**Task instructions:** Set down, word for word, each line from the top of the data through the line that has "Vrouw kijkt bezorgd"; omit every picture.

[Collection entries]
***
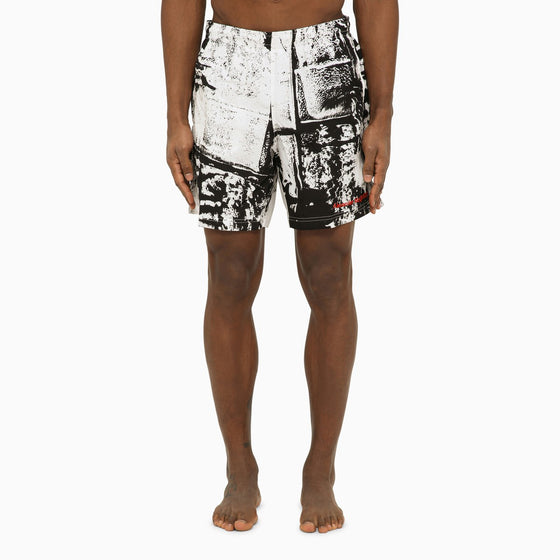 Alexander McQueen Abstract print swim shorts with logo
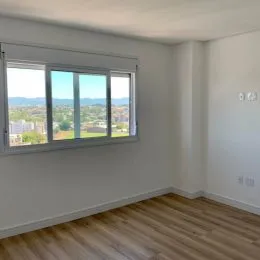 Vista externa através de uma grande janela em um ambiente interno com piso de madeira.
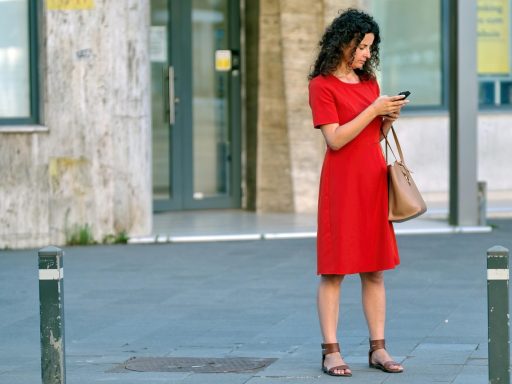 Vrouw kijkt bezorgd naar haar smartphone terwijl ze haar bankrekening bekijkt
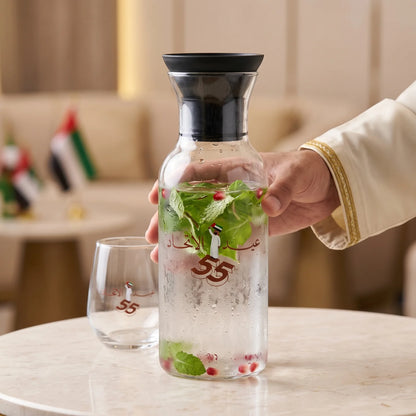 UAE National Day Glass Jug with Airtight Lid – Clear Cylindrical Bottle with Black Stopper, Arabic Decoration and UAE Flag Graphic for Festive Display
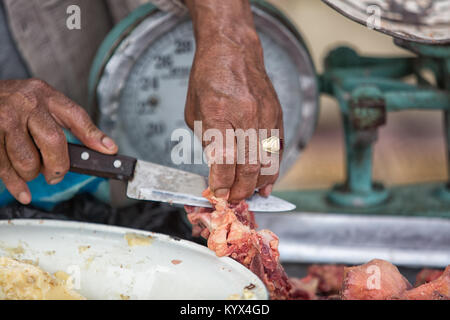 Otavalo, Ecuador - 30. Dezember 2017: Nahaufnahme von Hand schneiden Metzger Fleisch mit Messer in der wöchentliche Bauernmarkt Stockfoto
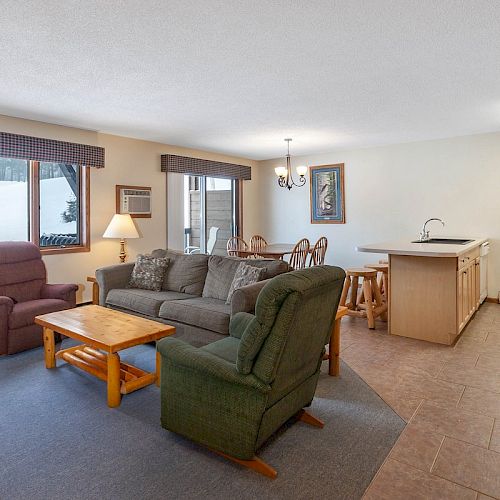 The image shows a cozy living area with a sofa, two armchairs, a coffee table, a dining table, and a kitchen with an island and stools.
***
**Written solution:**
 Alexander McQueen Abstract print swim shorts with logo
 Vista externa através de uma grande janela em um ambiente interno com piso de madeira.
 Vrouw kijkt bezorgd naar haar smartphone terwijl ze haar bankrekening bekijkt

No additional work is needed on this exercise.